Ante el estado de indefensión e impotencia que agobia a todos los venezolanos, chavistas y no chavistas, como consecuencia de la actitud arbitraria, autoritaria y despótica del Presidente Hugo Chávez, en su afán por imponernos un régimen castro comunista; no nos queda otro camino pacífico que el de recurrir a la Constitución para defender y preservar el sistema democrático y de libertades que tantas luchas y sangre nos ha costado por casi medio siglo de historia, mismo que nos vio nacer, a nuestros hijos y nietos.
El pueblo de Venezuela ya le dijo NO a tal pretensión, cuando rechazamos la Reforma Constitucional en el referendo del dos de diciembre del año 2007. Sin embargo, Chávez, aprovechando una ley habilitante aprobada por la Asamblea Nacional, recogió todo el contenido de la reforma rechazada por el soberano en un paquete de 69 Decretos con rango y fuerza de ley, de los cuales seis han sido aprobados a la fecha por la Asamblea. Si estos Decretos son sancionados, habremos dado un viraje de 180 grados hacia el COMUNISMO.
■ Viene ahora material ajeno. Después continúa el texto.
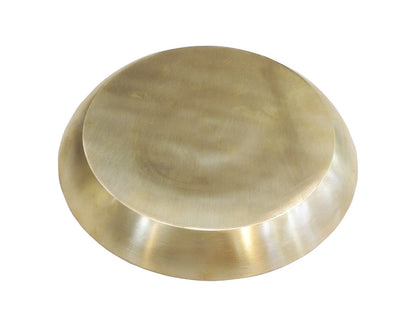 Bronze Bella - Traditional Thali - 8*8*1 Inch (BC157 A)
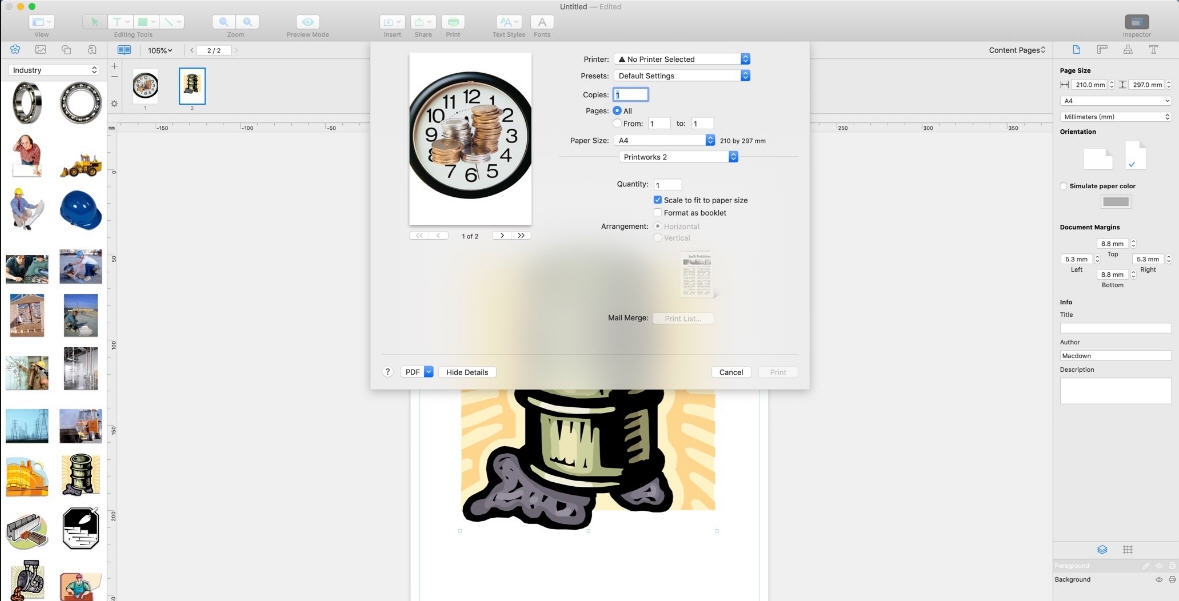 Printworks for Mac v2.0.10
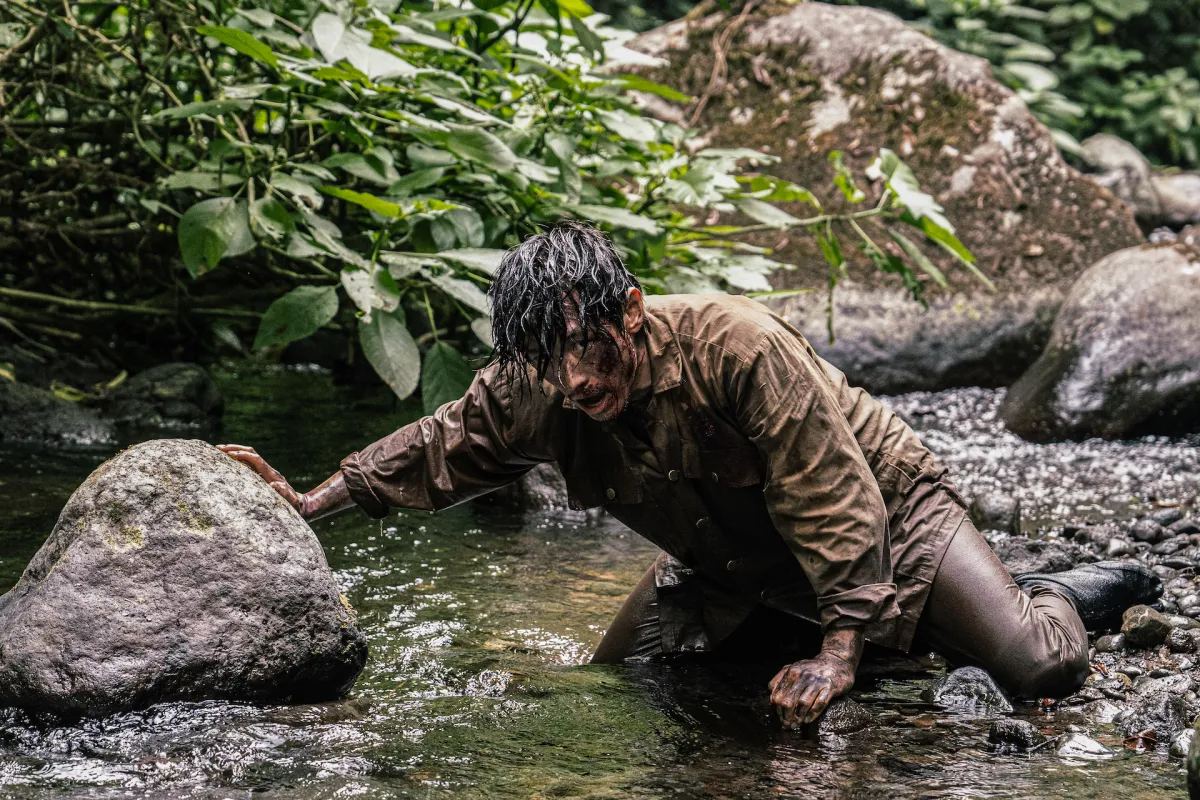Monster Island. Image: Shudder/ Amc+.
Pero no todo está perdido, nos queda todavía el recurso de la Carta Magna, a la cual debemos aferrarnos con fuerza como nuestra tabla de salvación. La misma Constitución contempla los mecanismos para defenderla de cualquier usurpador que pretenda desconocer sus normas y principios fundamentales. Uno de esos mecanismos lo constituye el Referendo Abrogatorio, plasmado en el artículo 74, que a la letra dice:
Artículo 74.- Serán sometidas a referendo, para ser abrogadas total o parcialmente, las leyes cuya abrogación fuere solicitada por iniciativa de un número no menor del diez por ciento de los electores o electoras inscritos o inscritas en el registro civil y electoral o por el Presidente o Presidenta de la República en Consejo de Ministros.
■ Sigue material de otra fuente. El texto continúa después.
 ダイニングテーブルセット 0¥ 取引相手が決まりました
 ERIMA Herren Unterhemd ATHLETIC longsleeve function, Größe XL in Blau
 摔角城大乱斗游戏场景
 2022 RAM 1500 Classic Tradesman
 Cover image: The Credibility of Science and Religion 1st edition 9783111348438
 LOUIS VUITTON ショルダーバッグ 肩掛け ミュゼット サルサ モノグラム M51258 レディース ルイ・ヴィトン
También podrán ser sometidos a referendo abrogatorio los decretos con fuerza de ley que dicte el Presidente o Presidenta de la República en uso de la atribución prescrita en el numeral 8 del artículo 236 de esta Constitución cuando fuere solicitado por un número no menor del cinco por ciento de los electores o electoras inscritos o inscritas en el registro civil y electoral.
No podrán ser sometidas a referendo abrogatorio las leyes de presupuesto, las que establezcan o modifiquen impuestos, las de crédito público y las de amnistía, así como aquellas que protejan, garanticen o desarrollen los derechos humanos y las que aprueben tratados internacionales. No podrá hacerse más de un referendo abrogatorio en un período constitucional para la misma materia.
Ahora bien, abrogar significa de acuerdo con el Diccionario de la Real Academia Española, abolir o derogar. Interpretando el artículo, el referendo se puede usar no sólo para abolir leyes, en cuyo caso la iniciativa corresponde al diez por ciento de los electores o al Presidente de la República, sino también para abolir decretos, en cuyo caso basta que lo pida el cinco por ciento de los electores.
Para que el referendo abrogatorio tenga validez es indispensable que concurran al acto referendario el 40% de los electores inscritos y el voto positivo de la mayoría simple de los votantes.
Invito pues, a todos los compatriotas que de verdad les duela la Patria, a los estudiantes, obreros, profesionales, políticos, amas de casas y campesinos a unirnos en este llamado patriótico. Convoquemos ya el referendo abrogatorio para darle un “parao” al castro comunismo en Venezuela.